Reminded of our tendency to hide our guilt under the show of moral indignation, let us kneel and seek God’s forgiveness and cleansing.

Sunday, December 28, 2008

The Learned Servant

Hebrews 4:11-13 (NKJV)11 Let us therefore be diligent to enter that rest, lest anyone fall according to the same example of disobedience. 12 For the word of God is living and powerful, and sharper than any two-edged sword, piercing even to the division of soul and spirit, and of joints and marrow, and is a discerner of the thoughts and intents of the heart. 13 And there is no creature hidden from His sight, but all things are naked and open to the eyes of Him to whom we must give account.

Much has transpired in the last week. We have moved out of the time of Advent and into the time of Christmas. And in the season of Christmas we celebrate! We celebrate the arrival of the long anticipated One; we celebrate the fulfillment of God’s promises in the life and death of His Son, in the work of His Servant.

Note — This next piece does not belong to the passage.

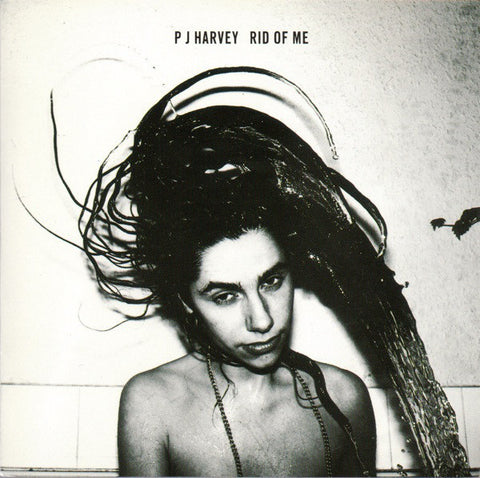 PJ Harvey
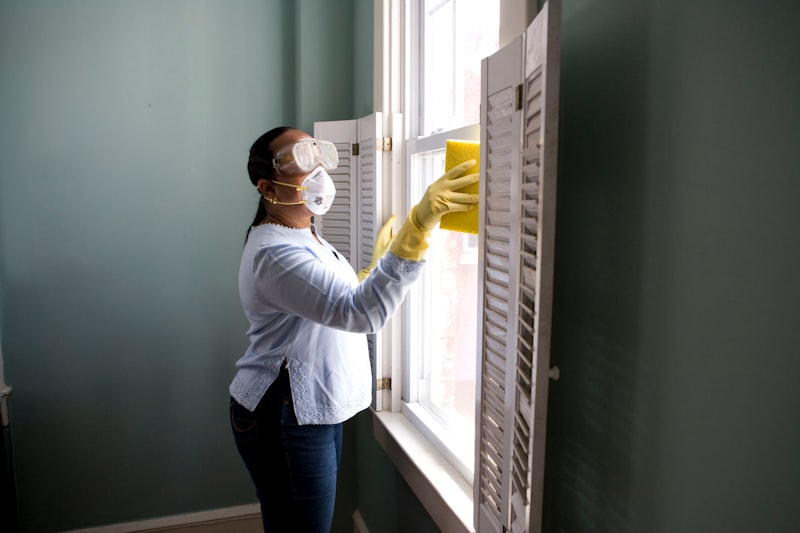 Professional Drain Cleaning in Vista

Last Sunday we noted that Jesus was called to be a Learned Servant. He was called to meditate and muse upon the Word of God. The Servant of the Lord was awakened morning by morning by His Lord, his ear was awakened to hear as the learned. And so we found that in the ministry of our Lord Jesus, He spent thirty years in preparation, thirty years studying the Word of God and meditating upon it, so that He might fulfill three years of ministry and achieve that which the Father had set before Him. And during His earthly ministry He kept His eyes fixed upon the promises of God – and this enabled Him to endure the pain and sorrow and humiliation through which His path took Him.

Our text in Hebrews today urges us to have this same type of faith. We are to be diligent to enter the rest of God – the final rest when heaven and earth will be one and God will be all in all. We are to strive to enter into this very rest, to keep our eyes fixed on the goal. Even as Jesus, for the joy set before Him, endured the cross, despising the shame, we are to keep our eyes fixed on the joy, the rest set before us.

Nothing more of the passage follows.